You have to go in the left-hand lane if you’re going to turn left off the roundabout (usually the first exit). You must signal for this. The only time you don’t signal is if you’re going “straight on”, which you also do by going in the left hand lane around the roundabout, then out. You would however signal left just before taking the appropriate exit, so everybody knows you’re leaving, including cars waiting ahead of you to enter the roundabout. You signal right to turn right, or to go right round the roundabout and back up the road you approached on. Turning right is the most difficult manoeuvre, because you must do it in the right-hand lane - which means crossing the left hand lane to exit. There shouldn’t be anyone there, really, but there can be.
I’m doing roundabouts in my driving lessons right now. They’re not my favourite.
Lots of big roundabouts have more than two lanes. They’re even more confusing. Many of the biggest are traffic-light controlled, which makes things much easier. But plenty are not.
There are also mini-roundabouts on minor roads, which are usually just there to stop traffic going at ridiculous speeds. You don’t have to be quite so careful with those to stick to the right lane - just not driving straight across the white circle in the middle is enough. Still, the same rules apply, technically.

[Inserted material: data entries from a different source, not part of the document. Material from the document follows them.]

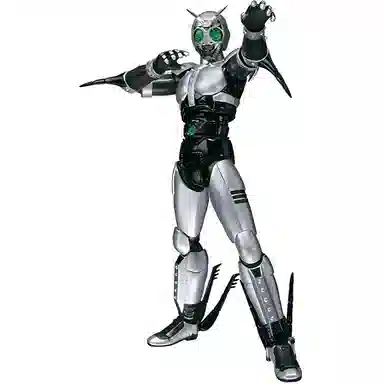 BANDAI BLACK shf 15cm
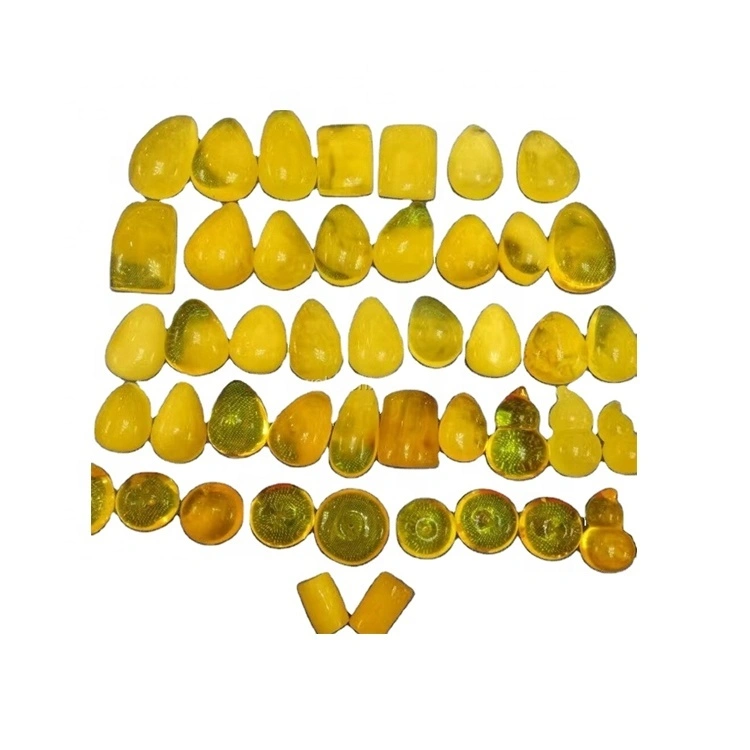 Rosário muçulmano artesanal Oração islâmica / genuína Báltico Âmbar Tasbih Misbaha Beads e Cabochões 1
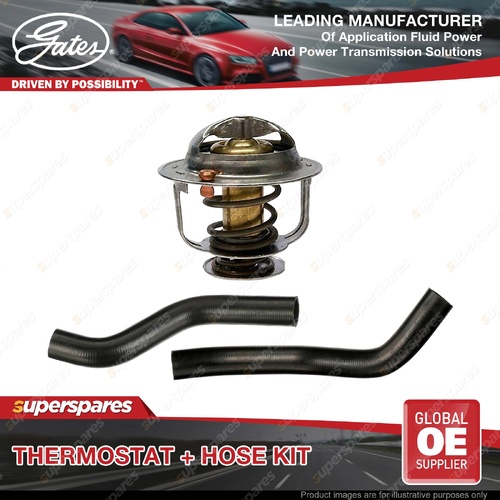 Gates Thermostat + Radiator Hose Kit for Honda CR-V RE5 2.0L 110KW 2006-2012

I am told I should always do roundabouts in second gear. In third gear it should be more or less doable. Main thing is to take good early observations, because cars behind will often assume you’re going to go for it, and if you then slam on your brakes, you’ve had it. There entrance to a roundabout is a standard give-way once you’re stopped.
Oh, hey, I forgot about the best of all: double roundabouts.

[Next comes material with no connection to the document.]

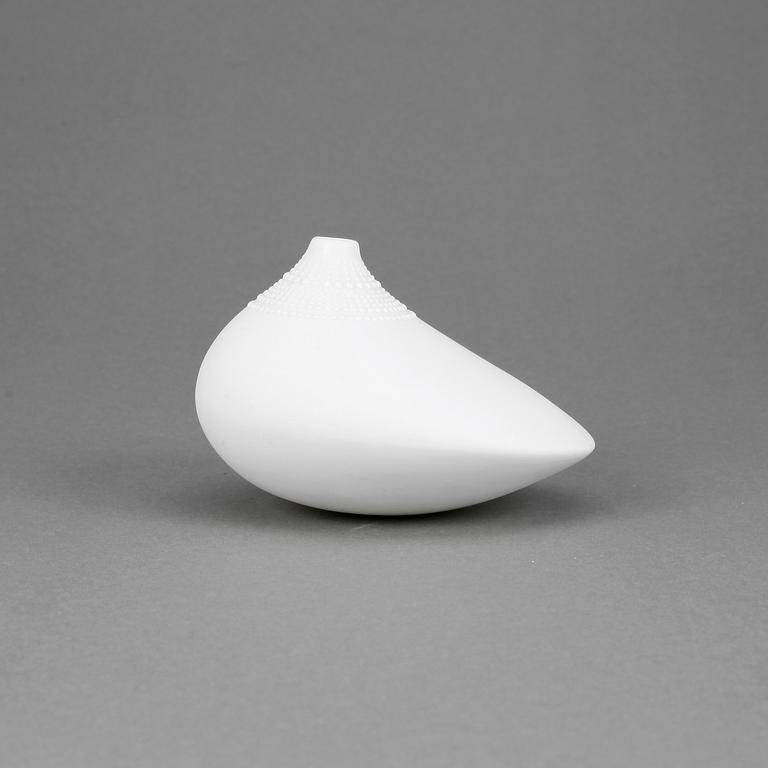 VAS, porslin "Pollo", design Tapio Wirkkala, Studio-Line Rosenthal.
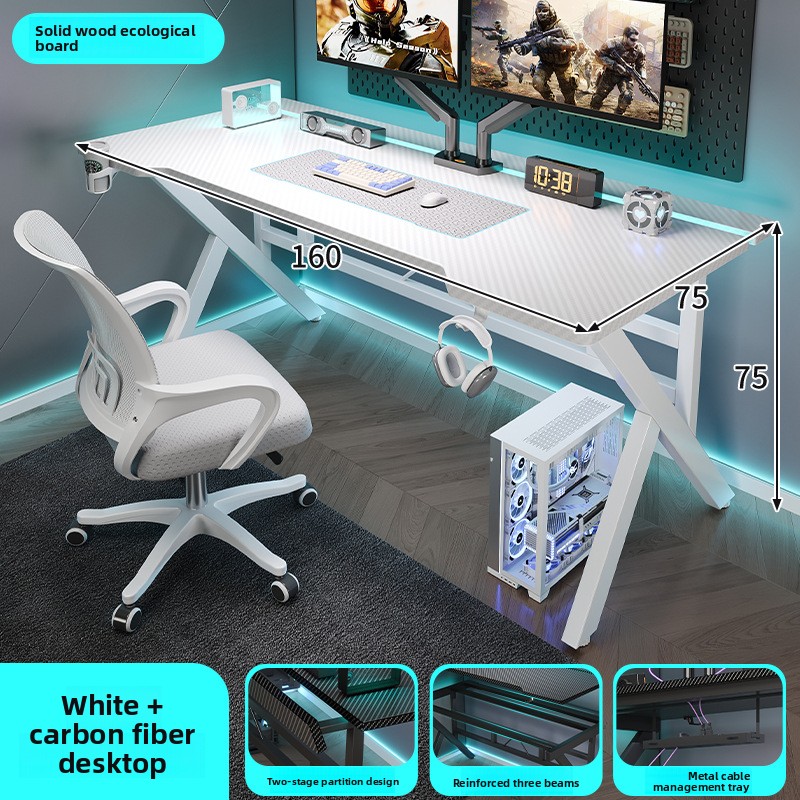 Minimalist Computer desk two-s - Esports Gaming School recensione e prezzo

There are only a few of these around, and - imho - nobody understands them, not even traffic cops. Not even the people who invented them. It’s basically two roundabouts, but as you leave one, instead of moving onto a new road you are immediately on the next roundabout, which you have to negotiate as before. It can get confusing because they’re usually just marked with paint, and you don’t know which paint to follow. Also you have to look right twice, and because all the cars are moving about in relative proximity to you anyway, you may find yourself accidentally giving way to cars that aren’t on the roundabout you’re on.
Hope that clears it all up for you. Buses in the UK are cheap and “reliable”. I say grab yourself a zonecard and stuff the stupid roundabouts.